Models of reproductive skew are concerned with the partitioning of reproduction between dominant and subordinate members of a group. In an interesting extension of these models, Reeve and Ratnieks briefly considered whether it might benefit subordinates to engage in aggressive behavior to test the fighting ability of a dominant. Their analysis suggested that such testing should be more probable in groups that feature high skew and, hence, perhaps among closer relatives (because high relatedness favors high skew). Here we explore in more detail the possibility of dominance testing. Three models that differ in the outcome of fights over dominance are presented: in the first model, the loser of the challenge is killed; in the second model, the loser is evicted from the nest; and, in the third model, the loser becomes (or remains) subordinate. In each case we consider the independent effects of the parameters that determine skew (namely, relatedness, group productivity, and ecological constraints) on the predicted level of dominance testing. We then construct an amalgamated model to examine situations where fights may lead to any one of the three outcomes. Our analysis reveals that, in the majority of cases, higher relatedness will in fact lead to lower levels of aggression. Moreover, dominance testing need not be associated with high skew. Rather, the relationship between skew and dominance testing will depend on which factor (relatedness, group productivity, or level of ecological constraints) is principally responsible for variation in the distribution of reproduction.     

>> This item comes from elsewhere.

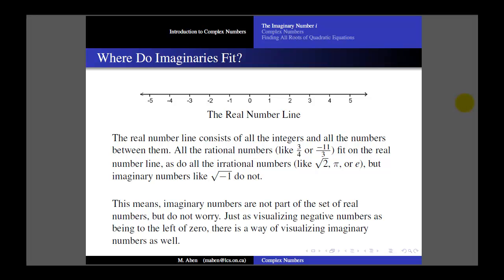I don't want people to worry about this too much. All it means is that imaginary numbers are not going to fit on the real number line. Just like there is a way of visualizing negative numbers as being to the left of zero, there is a way of visualizing imaginary numbers as well, and we're going to get to that in the next lesson. So for now, just have some faith and don't worry about it too much.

Sex ratios and skew models: the special case of evolution of cooperation in polistine wasps

Cooperative breeding often involves reproductive dominance hierarchies. Such hierarchies have been proposed to form and to be maintained through an equitable skew in reproduction for both dominants and subordinates. The general form of skew models also predicts that cooperation can be stable only if cooperation greatly increases group reproductive success or subordinates are greatly constrained in their reproductive prospects relative to dominants. Neither, however, seems to be generally present in the colony initiation phase of temperate polistine wasps, although the behaviors of individuals within such groups are often consistent with skew model predictions. This apparent contradiction can be resolved in the context of a special case of the skew models that incorporate mother-offspring conflicts over sex ratios. Data suggest that all the needed preconditions are present for cooperating foundresses to gain an added benefit through producing male-biased investment ratios. Therefore, the special case model predicts that cooperation can evolve in Hymenoptera with both the observed high skews and reduced per capita group productivity. Further predictions of the special case model (e.g., mixed populations of single and multifoundresses) are also supported. Because the special case model is applicable only to haplodiploids, this may explain why cooperation in vertebrates rarely occurs without significant ecological or physiological constraints. Finally, comparisons to other social Hymenoptera taxa suggest that factors stabilizing cooperation between colony-initiating females may simultaneously constrain the evolution of morphologically specialized worker castes.